Japonais acquitté de 1966 meurtres à Sue State pour diffamation

Japonais acquitté de 1966 meurtres à Sue State pour diffamation

Un homme japonais acquitté d'un quadruple meurtre de 1966 dans un nouveau procès devrait intenter une action en justice contre l'État pour diffamation après que le procureur général a appelé la décision qui l'a reconnu non coupable « inacceptable », ont annoncé jeudi ses avocats.

Iwao Hakamata, 88 ans, a été acquitté par le tribunal de district de Shizuoka en septembre dernier après avoir dépensé près d'un demi-siècle dans le couloir de la mort avant que de nouvelles preuves ne conduisent sa libération en 2014. Il a été reconnu cette année-là comme le prisonnier de mort le plus ancien du monde.

Bien que les procureurs n'aient pas fait appel, le procureur général Naomi Unimoto a déclaré dans un communiqué publié le 8 oct sauvegarder ses arguments.

Les avocats de Hakamata soutiennent que le commentaire d'Umoto impliquait que Hakamata était coupable des meurtres et endommage sa réputation.

L'équipe prévoit également de intenter une action en justice distincte pour demander une réparation nationale sur la condamnation injustifiée de Hakamata.
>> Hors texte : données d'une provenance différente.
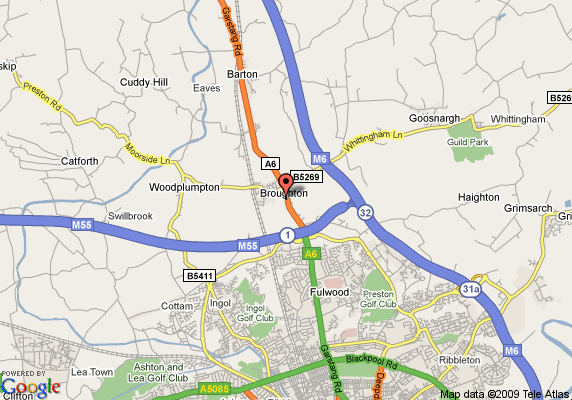 Preston provinces map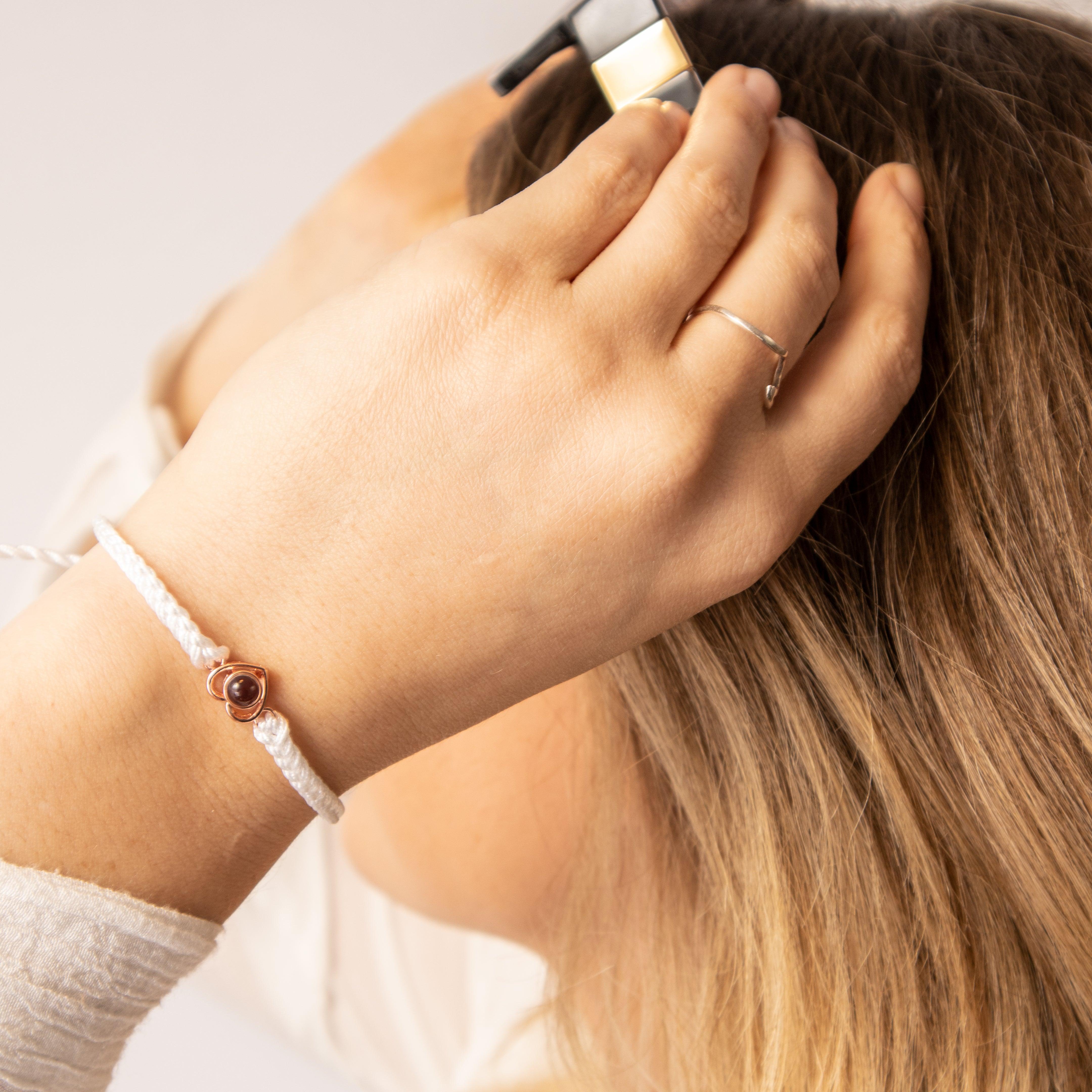 Eternity's Love Flare Photo Bracelet - Elegant Eternity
Étant donné que son état mental s'est détérioré en raison de décennies d'incarcération, les avocats consulteront son tuteur légal pour prendre une décision finale sur les deux poursuites.

Malgré une insatisfaction à l'égard de la décision, Unimoto s'est excusé d'avoir quitté Hakamata « dans un statut juridique instable pendant beaucoup de temps » et a annoncé que les procureurs ne faisaient pas appel pour éviter de prolonger une telle situation. Son acquittement a été finalisé le lendemain.

L'ancien boxeur professionnel était un employé de résidence sur un fabricant de miso lorsqu'il a été arrêté en 1966 pour avoir prétendument tué le directeur général principal de l'entreprise, sa femme et deux de leurs enfants. Ils ont été retrouvés morts à partir de coups de couteau dans leur maison dans la préfecture de Shizuoka, qui avait été brûlé.

Inculpé pour meurtre, vol et incendie criminel, sa condamnation à mort a été finalisée en 1980.

Le nouveau procès a commencé en octobre 2023, avec la sœur âgée de Hakamata, Hideko, comparaissant dans les audiences au nom de son frère.

Dans la décision rendu le 26 septembre, le tribunal de district de Shizuoka a déclaré que les enquêteurs avaient fabriqué des preuves, dont cinq vêtements Hakamata auraient porté pendant l'incident. Les articles ont joué un rôle clé dans sa condamnation.

Le tribunal a également déclaré que la confession faite lors de l'interrogatoire par les enquêteurs avait été « effectivement fabriquée », car elle était « forcée de infliger des douleurs physiques et mentales, » qualifiant son interrogatoire de « inhumain ».